She was very polite and I was polite too. I said "I want to thank you and the other conference organizers for setting up the questionnaire so that people could fill in their own gender." I am sincerely grateful for that, because if I'd been forced to select "male" or "female" things would have been even worse. She told me they had set it up that way on purpose because they wanted to be mindful and considerate of non-gender-conforming people. However,  it did occur to me after I'd gotten off the phone with her that, although they had set the form up that way, they obviously hadn't made any plan for what to do if someone actually took advantage of the opportunity they'd been given to list a non-standard gender. They had decided it was a good idea in theory. But in practice . . . they hadn't really come to terms with it.

She and I discussed the various options. In the interests of brevity I won't list them all - you can probably figure out what they were. We ended the conversation with her promising to find a solution. I closed my phone and then started freaking out. She had said that she didn't know where to put me. She had sounded kind of unsure about the whole situation. I had no idea what was going to happen.

The days went by and the time for the conference approached. I didn't hear back from her and I was scared to call her. In the most fearful part of my mind I fully expected to show up at the conference and be told, "Sorry, we don't have accommodations for you, you can't stay here. And I don't know how you're going to get back to the airport." You may think that sounds crazy. But discrimination and prejudice against trans people are still rampant in our society, even in Unitarian Universalist churches. And it wouldn't even take outright prejudice. Discomfort and fear of change cause many well-intentioned people to fail in their attempts to be inclusive. (Of course, my own insecurities about whether I was "qualified" to attend this Leadership Conference also came into play.)
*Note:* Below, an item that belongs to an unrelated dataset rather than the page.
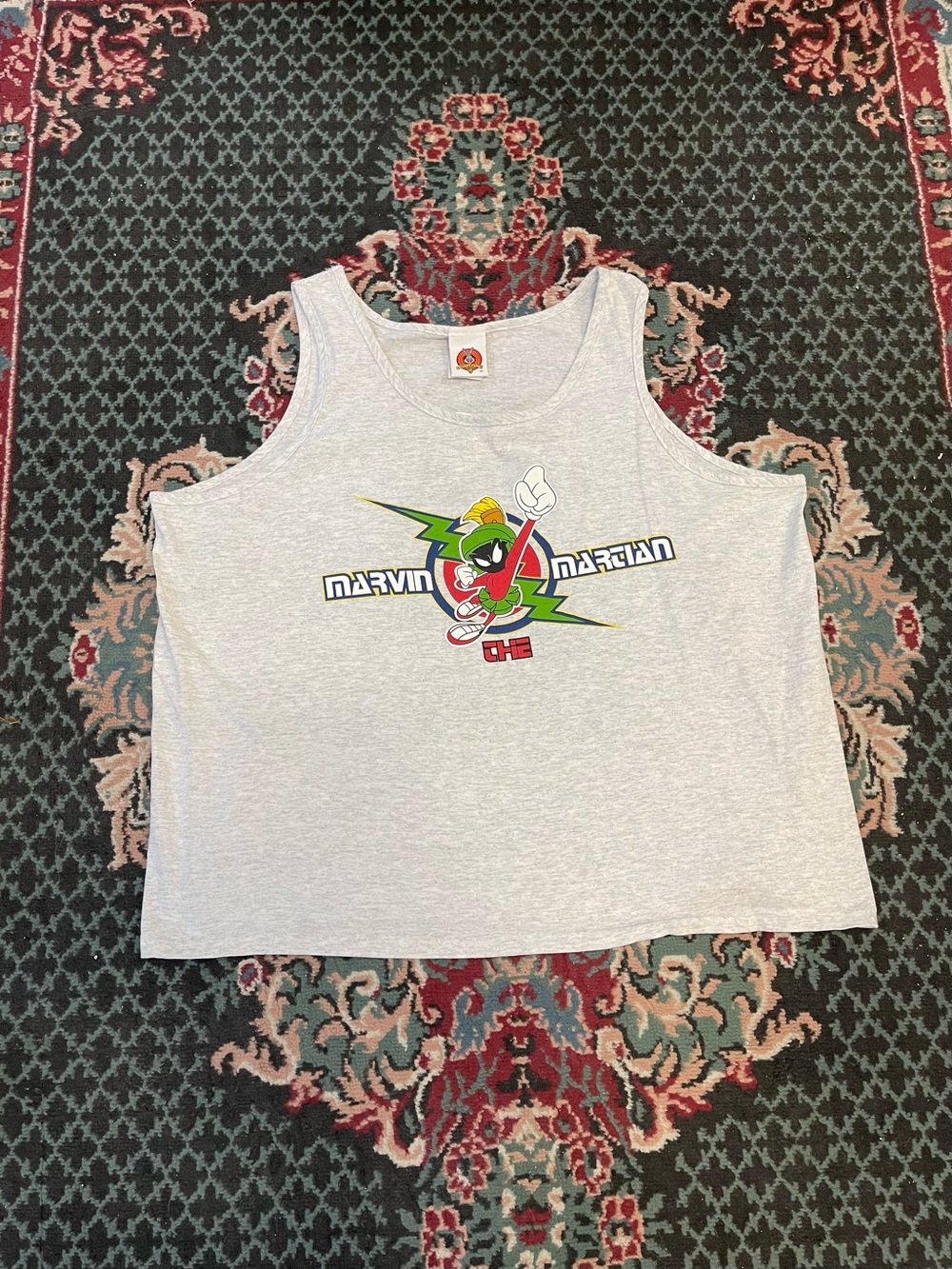 Vintage 90s Marvin the Martian Graphic Tank Top - Light Gray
The conference started on Sunday. On Saturday the thought occurred to me: "If they assign two men or two women to a room, then that assumes they have an even number of men and women. But sometimes they must have a person left over." That made me feel better. I was the person left over. I felt like I had a right to bring my transgender self to the conference after all. Although I didn't know if the person assigning bedrooms had thought of this.